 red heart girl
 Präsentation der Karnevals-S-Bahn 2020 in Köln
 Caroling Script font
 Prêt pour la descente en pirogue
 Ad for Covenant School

--

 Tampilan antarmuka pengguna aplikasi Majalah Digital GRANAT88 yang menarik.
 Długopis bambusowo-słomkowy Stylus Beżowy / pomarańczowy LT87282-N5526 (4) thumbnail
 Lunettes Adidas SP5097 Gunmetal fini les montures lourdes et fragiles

Exercise directions →
Reproduce the lines above, beginning at the line with "Długopis bambusowo-słomkowy Stylus" and stopping after the line with "Lunettes Adidas SP5097", exactly as they are.

Response for this exercise →
 Długopis bambusowo-słomkowy Stylus Beżowy / pomarańczowy LT87282-N5526 (4) thumbnail
 Lunettes Adidas SP5097 Gunmetal fini les montures lourdes et fragiles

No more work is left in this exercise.